» **AVAILABLE DATA**

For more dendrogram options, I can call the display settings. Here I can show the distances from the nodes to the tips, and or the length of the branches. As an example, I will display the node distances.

---

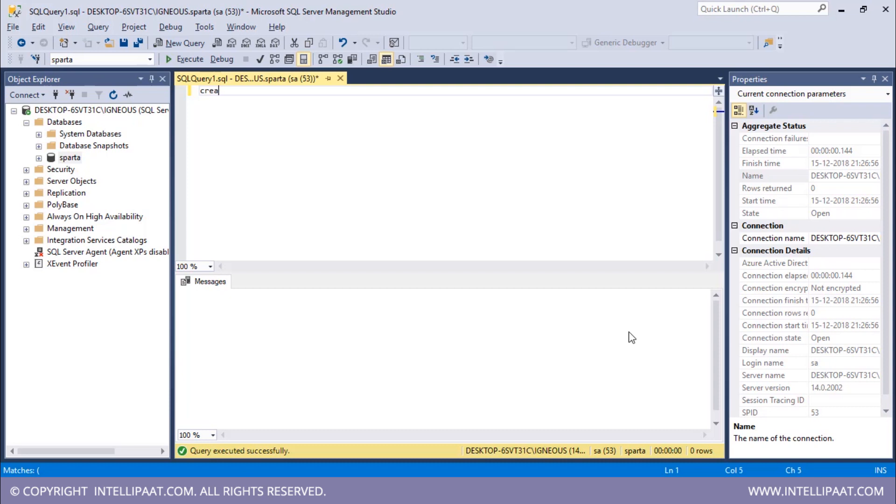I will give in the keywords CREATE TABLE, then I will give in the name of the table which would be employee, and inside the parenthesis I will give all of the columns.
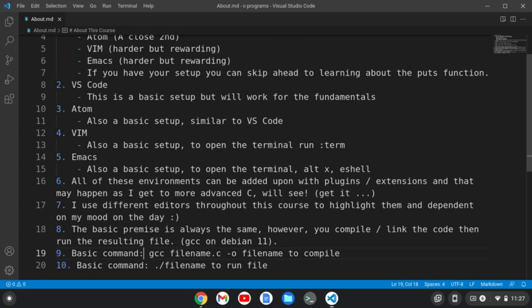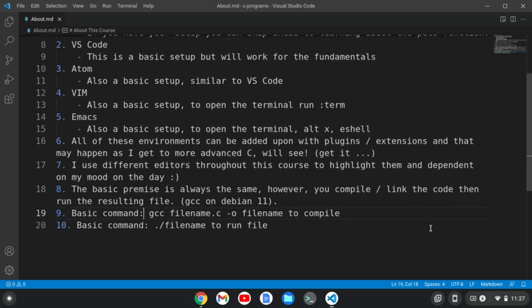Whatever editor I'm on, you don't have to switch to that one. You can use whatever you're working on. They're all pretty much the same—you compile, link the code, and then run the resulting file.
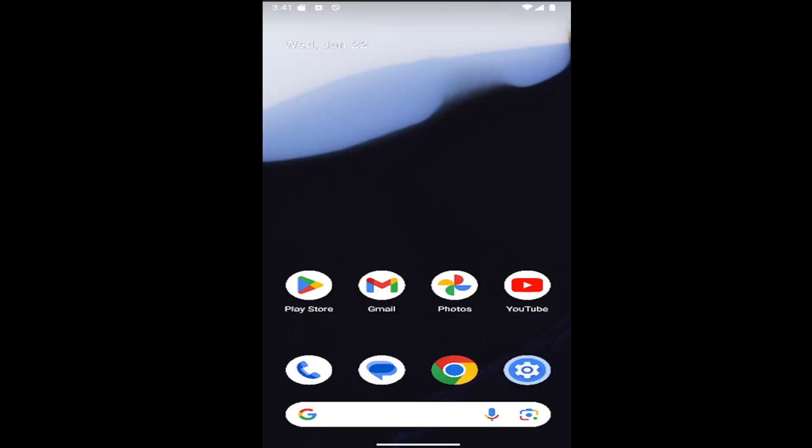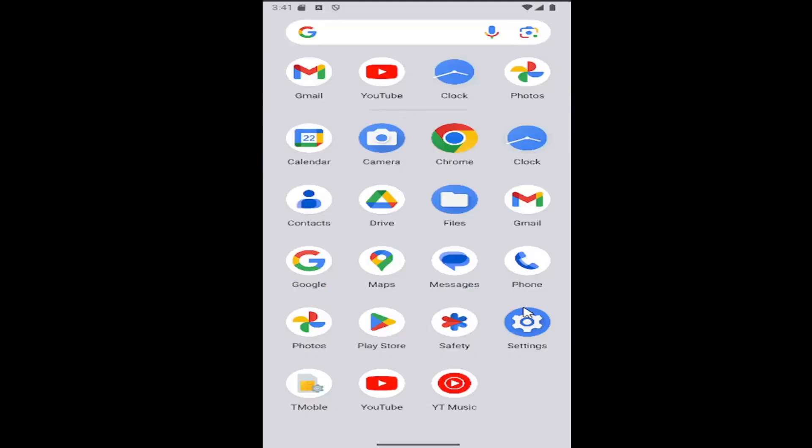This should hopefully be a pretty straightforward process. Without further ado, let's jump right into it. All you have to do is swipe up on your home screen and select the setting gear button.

...

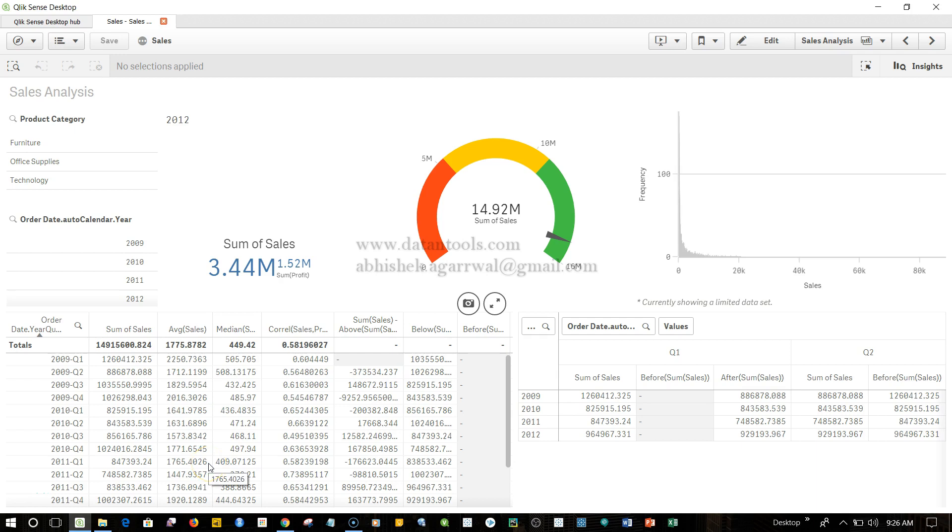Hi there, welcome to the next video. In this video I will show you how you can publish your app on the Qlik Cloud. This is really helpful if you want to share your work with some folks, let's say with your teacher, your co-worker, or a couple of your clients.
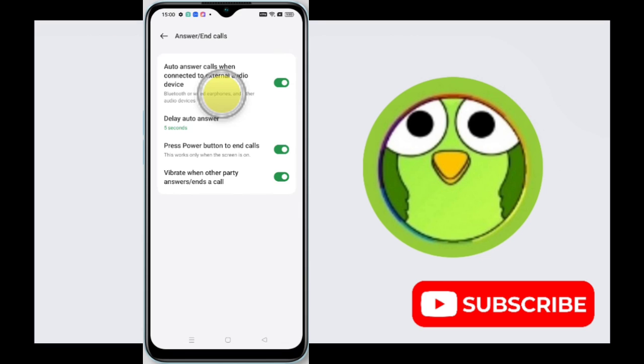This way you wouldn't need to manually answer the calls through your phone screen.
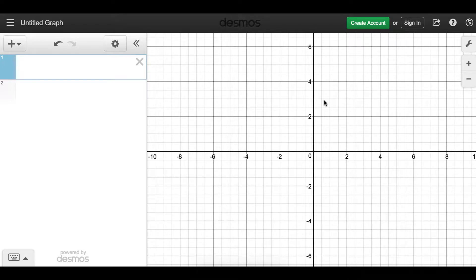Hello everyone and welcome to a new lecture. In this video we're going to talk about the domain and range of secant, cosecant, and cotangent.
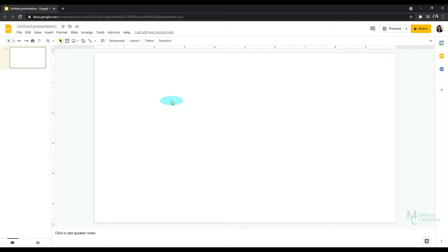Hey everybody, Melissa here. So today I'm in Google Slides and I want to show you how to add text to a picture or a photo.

» **WHAT YOU NEED TO DO**
Using the records above, return verbatim only the part that opens with the line containing "I will give in the keywords" and closes with the line containing "This should hopefully"; pictures stay out.

» **RESPONSE**
I will give in the keywords CREATE TABLE, then I will give in the name of the table which would be employee, and inside the parenthesis I will give all of the columns.
Whatever editor I'm on, you don't have to switch to that one. You can use whatever you're working on. They're all pretty much the same—you compile, link the code, and then run the resulting file.
This should hopefully be a pretty straightforward process. Without further ado, let's jump right into it. All you have to do is swipe up on your home screen and select the setting gear button.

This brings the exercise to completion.